It's all this Sunday, Oct. 28, 2 p.m.-on, at the spacious and well-lit Zeitgeist coffeehouse, in Pioneer Square at 2nd Ave. S. and S. Jackson St.
Then later that evening (7 pm), many of us will trek to Titlewave Books on lower Queen Anne for its monthly reading series, curated as always by print MISC contributor Doug Nufer. A plangent time is guaranteed to all.
Greg Thompson Productions, the Seattle-based mounter of musical revues in Vegas and elsewhere, held its annual pre-Halloween costume and garage sale recently. Sequins! G-strings! Wigs! Audio mixers! Prop motorcycles! Scenery flats! Even a real Rolls-Royce (for $25,000 OBO).
posted by clark 1:30 PM
AS WE'D PREDICTED, women are an unprecedented target of the Stateside war hype this time around. Here, a woman strolls downtown in the type of full-body veil prescribed by the Taliban. This particular woman might be an actual conservative Muslim, or she might be trying to drum up war support by presenting an image of the Taliban's repressiveness, or she might be another journalist on some "chador-for-a-day" assignment.
Elsewhere downtown, a dozen or so women stood up at Westlake carrying the name of "Women In Black," an international group opposed to both the Taliban and the war.
While four blocks away, Deja Vu (a company, and an industry, that historically has depicted governments as censorious threats to porn-lovers' civil rights) bares its patriotic support toward making the world safe for lap dances.
posted by clark 1:30 AM
Wednesday, October 24, 2001
PHOTO REPORTAGE DEPT.: Some things seen around town recently, starting with longtime street musician Richard Peterson strolling through Pioneer Square and announcing (as he has done several times before) that "this is my last day on the streets." I met him at the end of a tiring week schlepping print MISCs around town, and could instantly sympathize with the sentiment/threat.
You know that big white fabric rectangle on the back of the Bon Marche parking garage, that had a sign at the bottom apologizing that Salmon Streaming had been suspended due to the power shortage?
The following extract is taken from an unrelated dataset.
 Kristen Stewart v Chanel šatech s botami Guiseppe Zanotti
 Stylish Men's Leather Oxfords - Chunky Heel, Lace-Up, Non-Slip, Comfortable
Now we finally get to see what the heck Salmon Streaming is. It's a short, looping, silent film projected onto the giant outdoor screen at night. Sponsored by Seattle City Light, it's a promo film for fishery-restoration efforts near its Ross Dam project in the Skagit Valley. It's also an odd bit of nature imagery in the heart of Seattle's most urban-decay-looking block.
posted by clark 12:30 AM
Tuesday, October 23, 2001
SOME BRITISH GUY mourns the age of the Polaroid camera, whose maker has filed for bankruptcy.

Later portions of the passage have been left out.